Thanks to all who presented and/or participated.

Updated Continuous Integration – May 2017

Information moved to: https://larsoft.org/continuous-integration/ on 12/13/21.

Various studies have shown that the later in a project errors are found, the more it costs to fix them.[1][2][3] The Continuous Integration (CI) approach of software development adopted by LArSoft can save time by finding errors earlier in the process. As Lynn Garren noted, “Using CI allows you to test your code in the complete LArSoft environment independent of other people, which can save you time.” Another important benefit is noted by Gianluca Petrillo, “By using the CI system, I gain confidence that my code changes will not break other people’s work since the tests in the CI system will notify me if something went awry.”

The LArSoft Continuous Integration system is the set of tools, applications and machines that allows users to specify and automate the execution of tests of LArSoft and experiment software. Tests are configured via text files in the various repositories and are launched in response to an http trigger initiated manually by a user or automatically on every git push command to the develop branch of the central repositories. Arguments in the trigger specify run-time configuration options such as the base release to use, the branch within each repository to build (the develop branch by default), and the test “suite” to run, where each suite is a workflow of tests specified in the configuration files. Prior to each test, the new code is built against the base release. The CI system reports status, progress, test results, test logs, etc. to a database and notifies users with a summary of results via email. A web application queries the database to display a summary of test results with drill-down links to detailed information.

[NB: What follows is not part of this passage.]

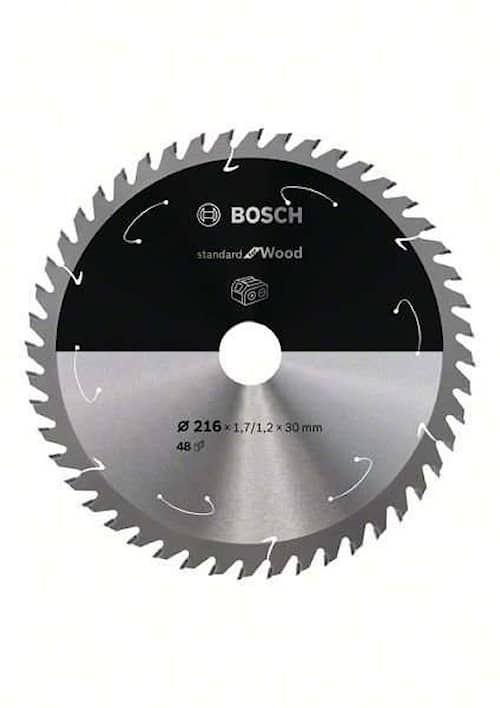 Bosch Standard for Wood-sirkelsagblad for batteridrevne sager 216x1,7/1,2x30 T48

As Erica Snider said, “People focus on the testing needed for their particular experiment.  One benefit of our CI system is that, every time a change is made, it automatically tests the common code against all of the experiment repositories, then runs the test suites defined by each of the experiments. This allows us to catch interoperability problems within minutes after they are committed.”

There have been a number of updates to CI in recent months aimed at making the system easier and more intuitive for users, so please try it.

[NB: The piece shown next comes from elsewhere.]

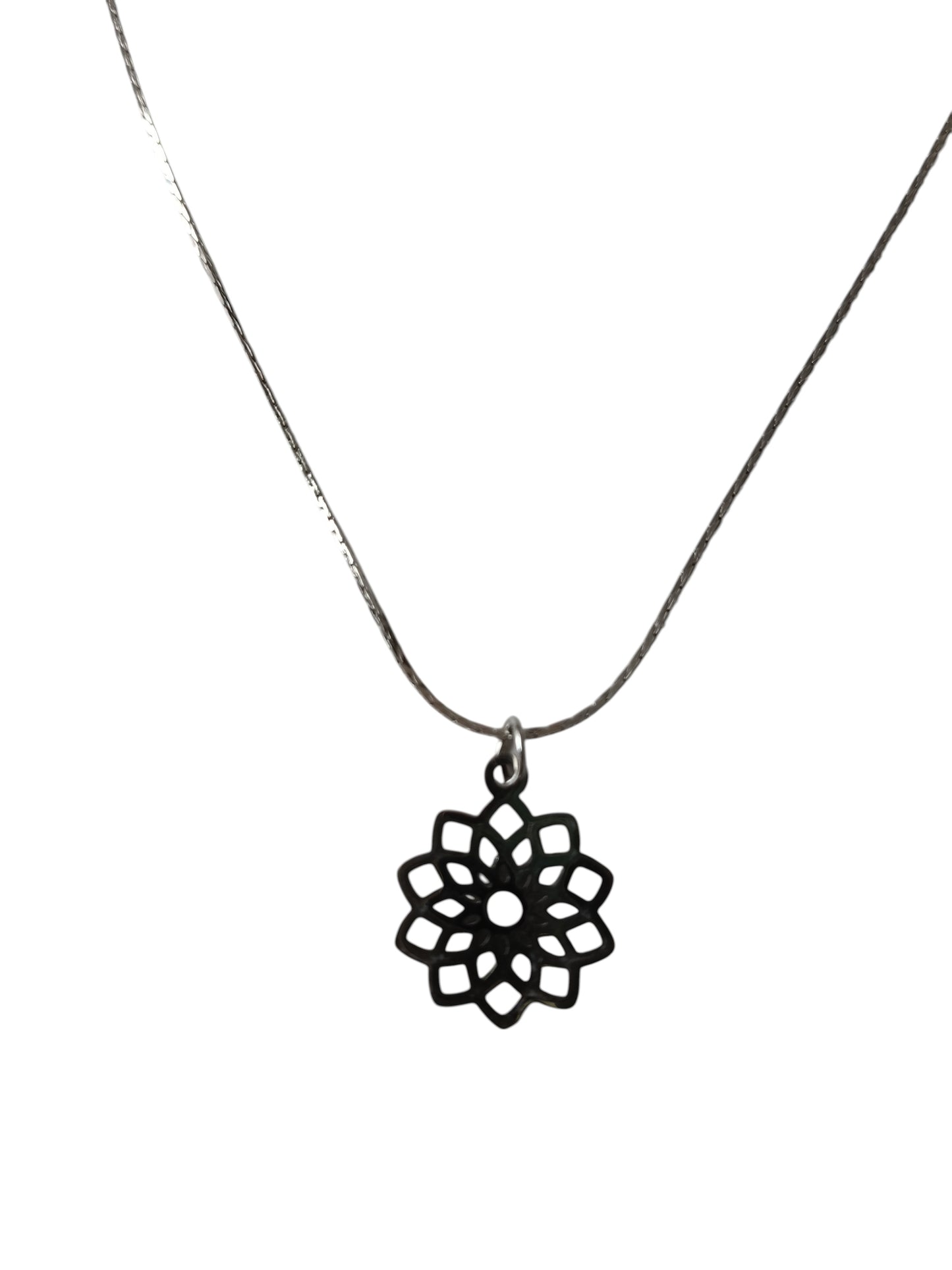 Bloem RVS silver plated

You can find more information about CI at http://larsoft.org/continuous-integration/ with detailed instructions on how to run jobs at: https://cdcvs.fnal.gov/redmine/projects/lar_ci/wiki

Training – March 2017

There is a new training page on the larsoft.org website that provides useful information on training for LArSoft in one spot. While designed for people new to LArSoft, it has links to information that may be of value to all. It can be found at  http://larsoft.org/training/

A valuable source of training are the annual LArSoft workshops. In 2017, the workshop will be held on June 20. The topics will be:

  • SPACK build system tutorial – In-depth, hands-on exploration of features, how to configure builds
  • Introduction to concurrency – What this means, why it is important, and what it implies for your code. A general discussion in advance of multi-threaded art release
  • Debugging and profiling tutorial
  • Continuous Integration (CI)  improvements and new features

Information will be added to the  Indico site including presentations.

–Katherine Lato

Expectations for Contributing Code to LArSoft – January 2017

Information moved to: https://larsoft.org/expectations-for-contributing-code-to-larsoft/ on 12/15/21.

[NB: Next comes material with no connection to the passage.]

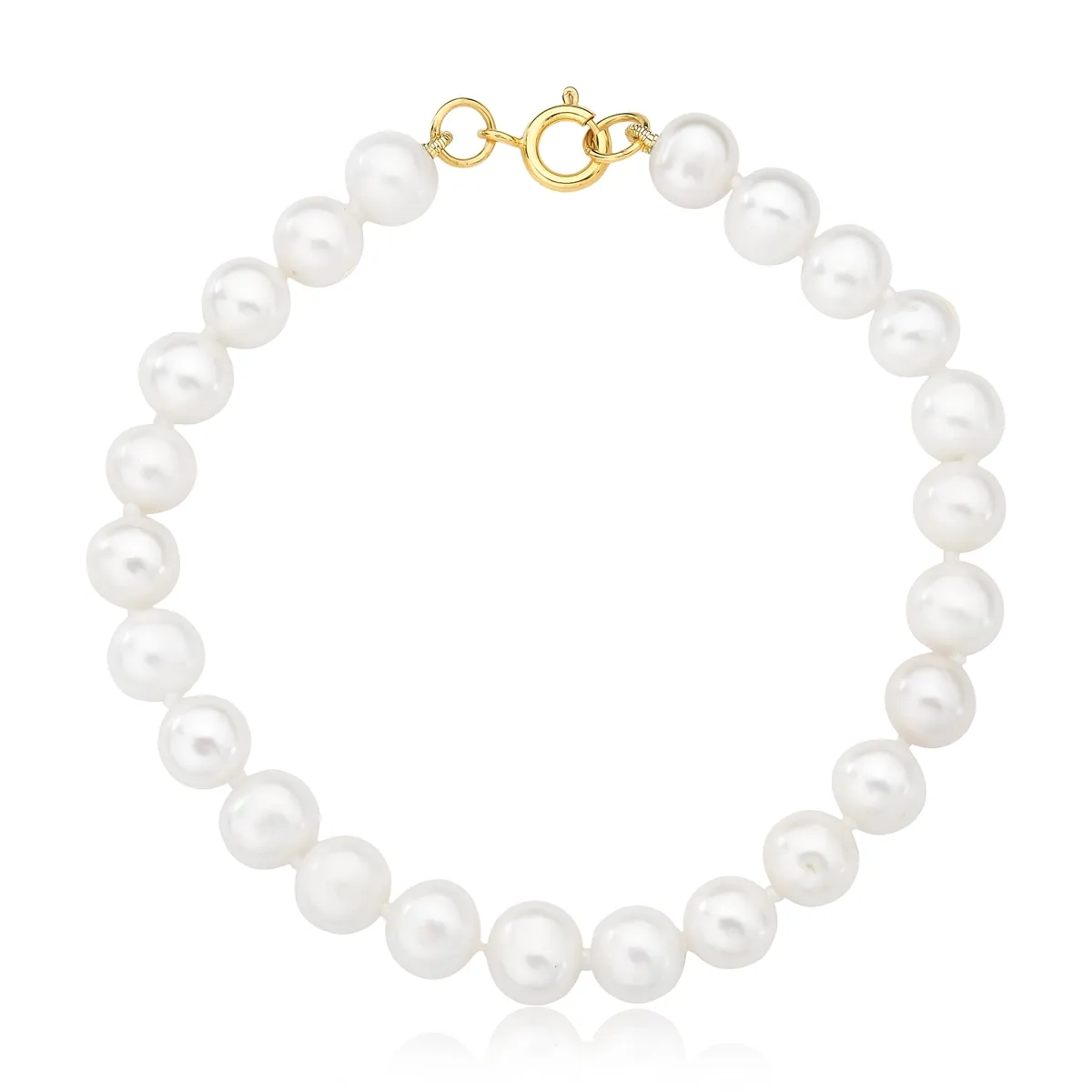 Pulseira Ouro 18k de pérolas cultivadas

While developing experiment-specific code, a developer may work on  a feature (such as an algorithm, utility, improvement) that can be shared with the community of experiments that use LArSoft. In most cases, this can be done easily since the modified code does not affect the architecture and doesn’t break anything. But when the feature affects the architecture, a few more steps are needed to ensure that such contributed code can be properly shared across experiments and integrates well into the existing body of code. This article outlines the process to introduce and integrate  into the core LArSoft code repositories both non-architectural features and architectural-affecting features.

The intent of the process is to achieve a smooth integration of new code, new ideas or improvements in a coordinated way, while at the same time minimizing any additional work required beyond the normal development cycle. Many changes will not require prior discussion. In cases with broad architectural implications getting feedback and guidance from the LArSoft Collaboration or the core LArSoft team early in the development cycle may be required.

Process for contributing a non-architectural, non-breaking change to LArSoft:

  1. Become familiar with the design principles and coding guidelines of LArSoft.
  2. Develop the code including comments, tests and documentation.
  3. Offer it by talking about it to LArSoft team members and maybe give a presentation at the LArSoft Coordination Meeting.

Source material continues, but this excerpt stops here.